BRIEF
Print exactly the lines that run from the one containing "ChatGPT提示词_年轻的日本女孩穿着JK校服在楼梯上_gpt会员价格缩略图" to the final line of the data, both included, and print none of the pictures.

DATA BELOW

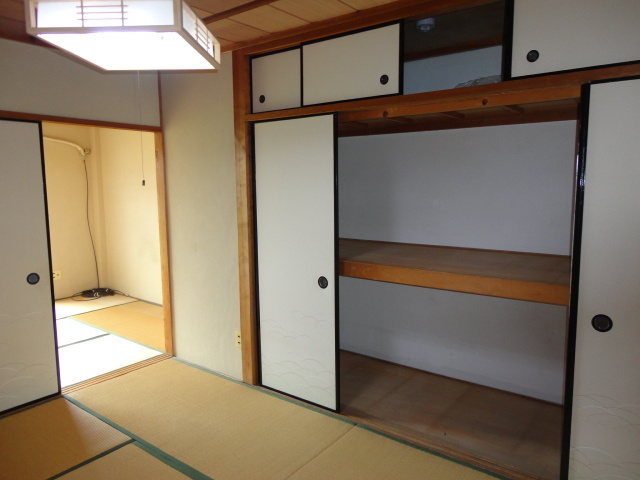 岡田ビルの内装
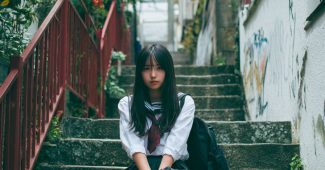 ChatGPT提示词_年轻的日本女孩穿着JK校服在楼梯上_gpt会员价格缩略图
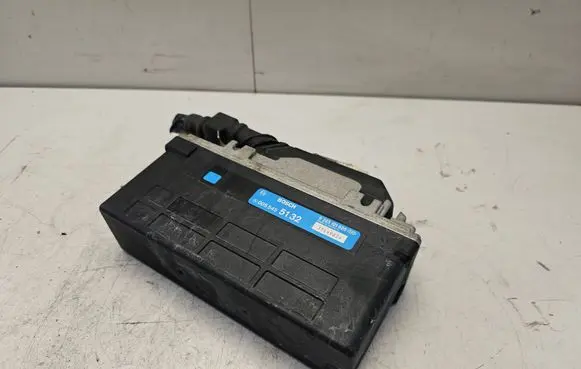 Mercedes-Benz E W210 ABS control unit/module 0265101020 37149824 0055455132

ANSWER SECTION
 ChatGPT提示词_年轻的日本女孩穿着JK校服在楼梯上_gpt会员价格缩略图
 Mercedes-Benz E W210 ABS control unit/module 0265101020 37149824 0055455132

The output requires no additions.